# [Problem description]
Return exactly the lines from the "Furry boots" line through the last line of the entries below. Include no pictures.

# [Dataset content]

* * *

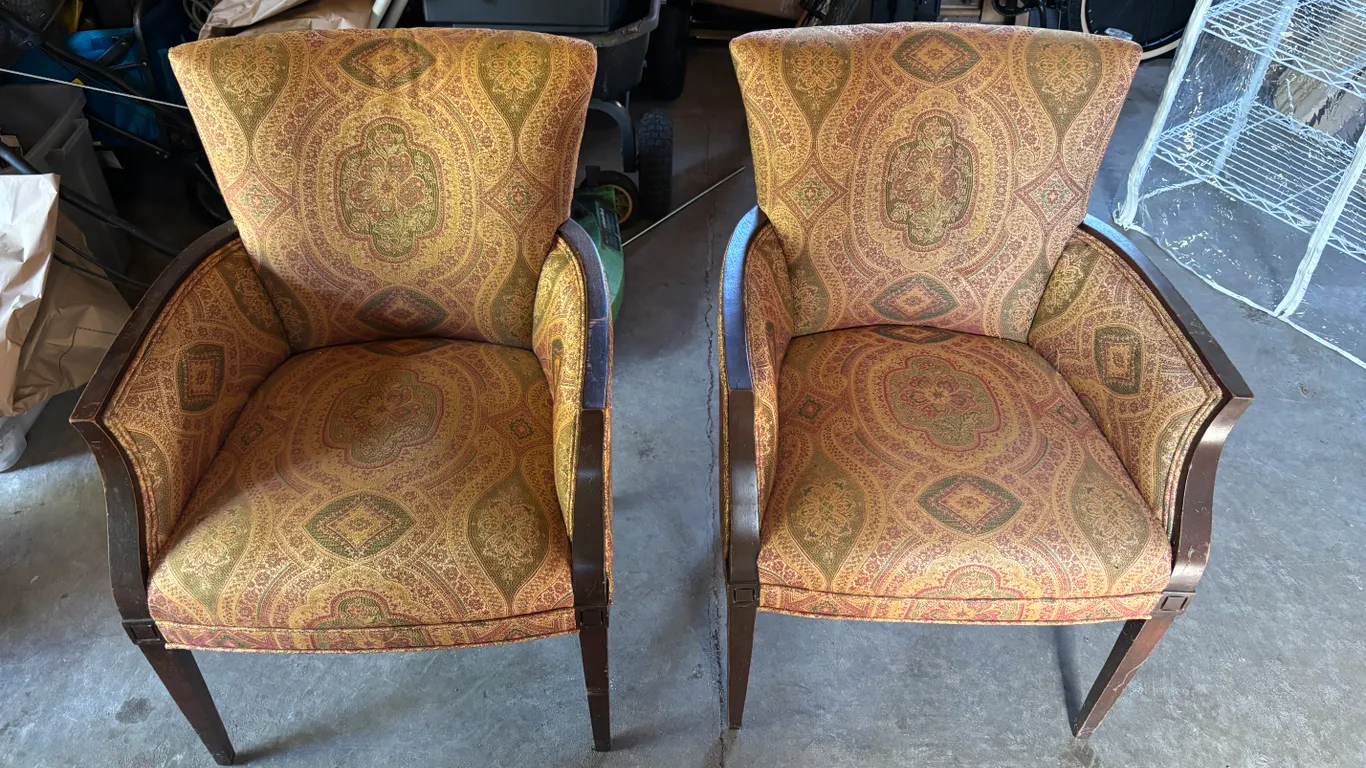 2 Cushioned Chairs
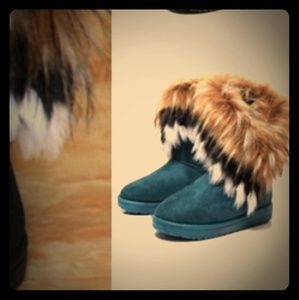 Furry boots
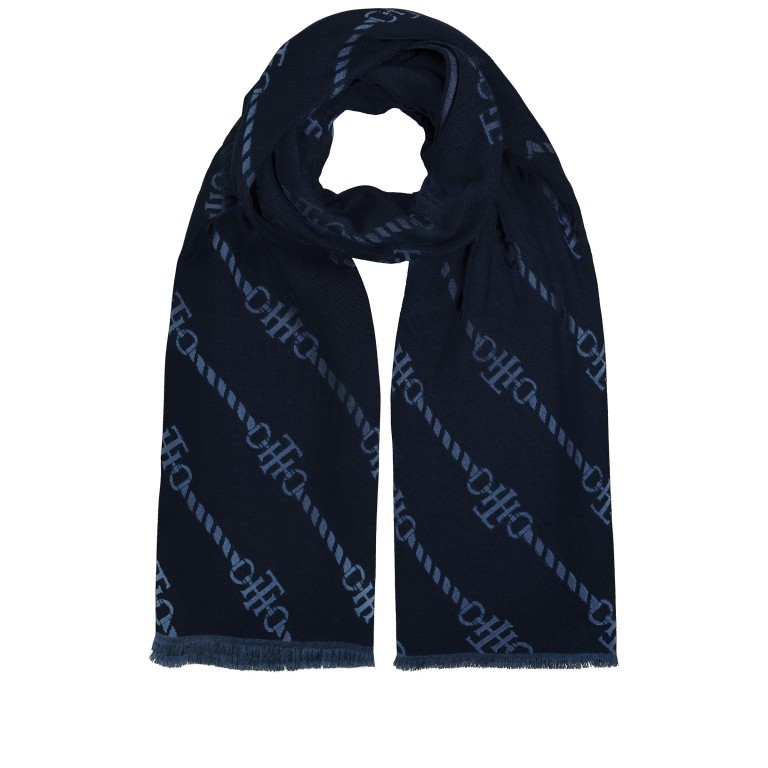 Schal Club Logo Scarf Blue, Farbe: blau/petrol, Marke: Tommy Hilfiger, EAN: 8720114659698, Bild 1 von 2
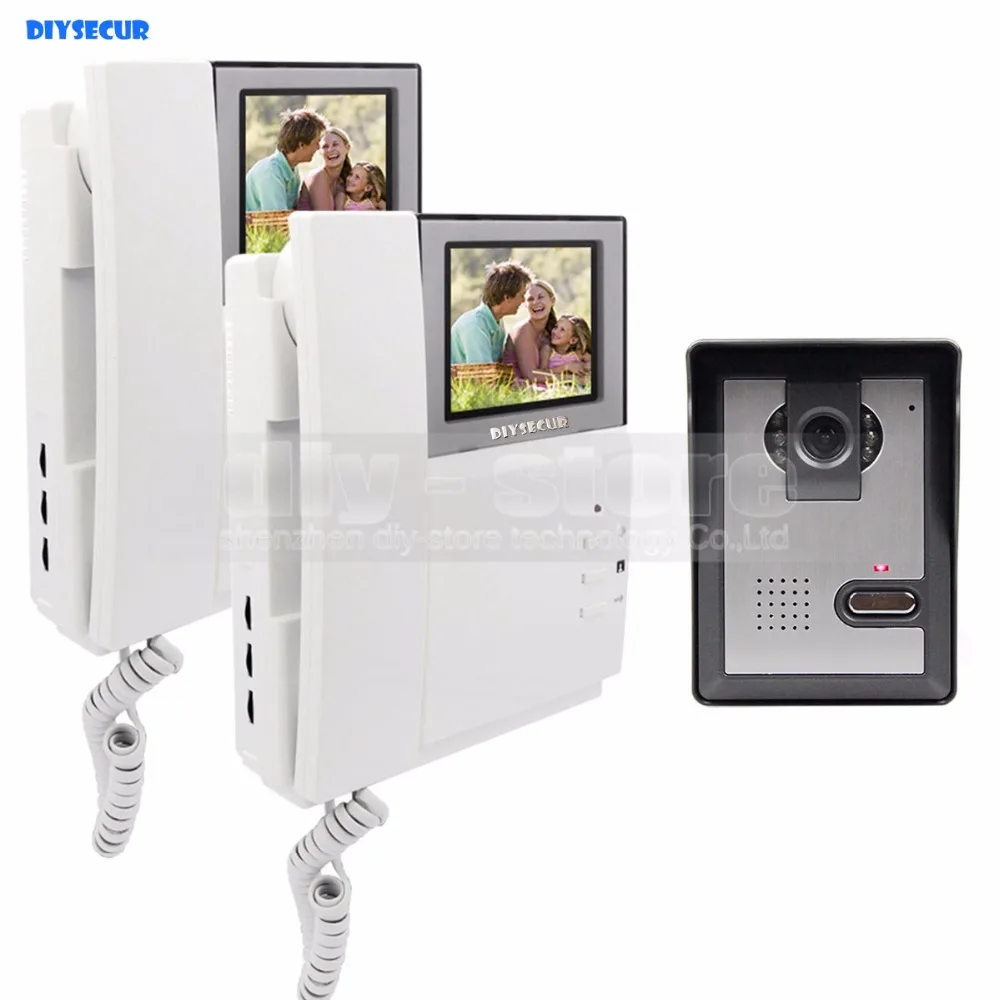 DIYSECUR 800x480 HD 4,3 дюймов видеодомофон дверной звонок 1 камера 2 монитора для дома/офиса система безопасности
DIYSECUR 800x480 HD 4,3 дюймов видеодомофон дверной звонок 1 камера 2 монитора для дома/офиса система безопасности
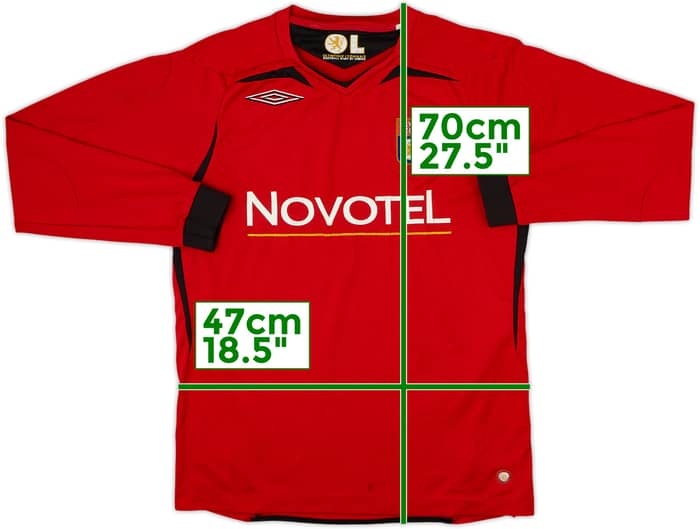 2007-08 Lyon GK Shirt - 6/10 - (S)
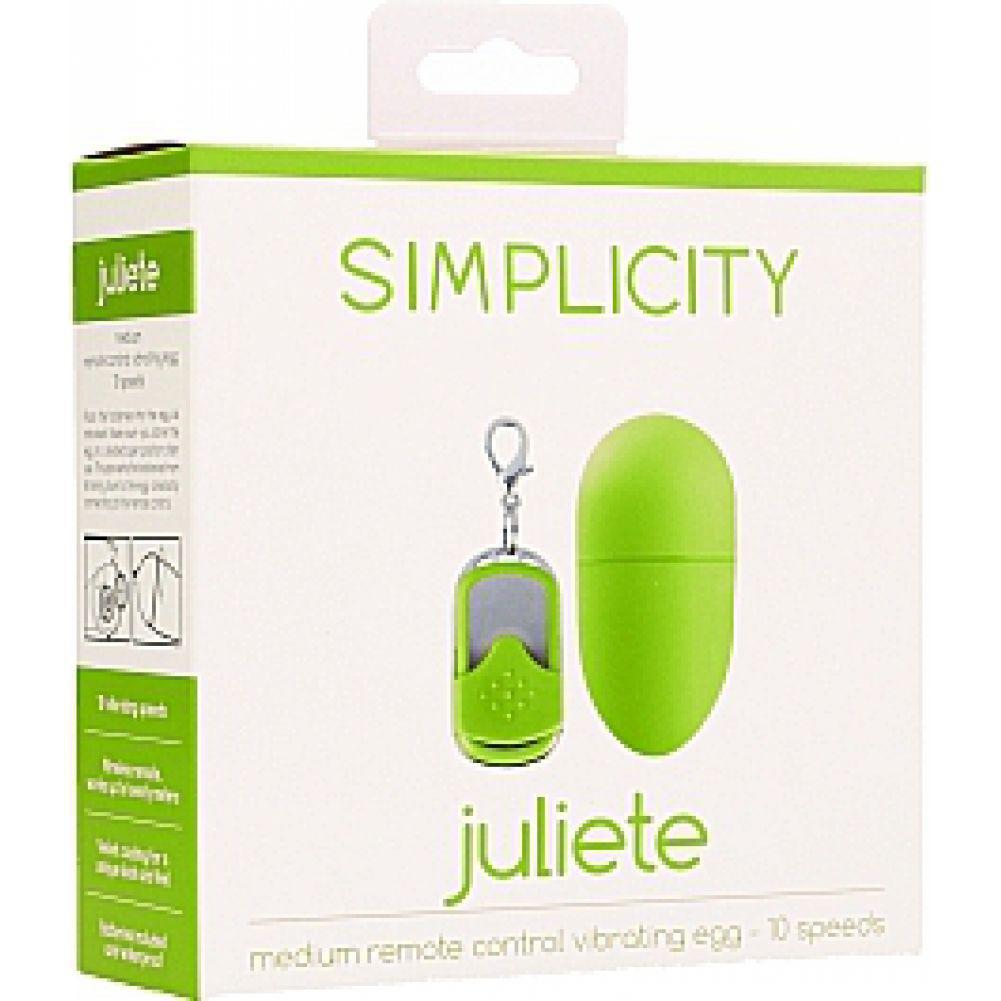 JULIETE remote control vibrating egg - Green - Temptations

* * *

# [Written answer]
 Furry boots
 Schal Club Logo Scarf Blue, Farbe: blau/petrol, Marke: Tommy Hilfiger, EAN: 8720114659698, Bild 1 von 2
 DIYSECUR 800x480 HD 4,3 дюймов видеодомофон дверной звонок 1 камера 2 монитора для дома/офиса система безопасности
DIYSECUR 800x480 HD 4,3 дюймов видеодомофон дверной звонок 1 камера 2 монитора для дома/офиса система безопасности
 2007-08 Lyon GK Shirt - 6/10 - (S)
 JULIETE remote control vibrating egg - Green - Temptations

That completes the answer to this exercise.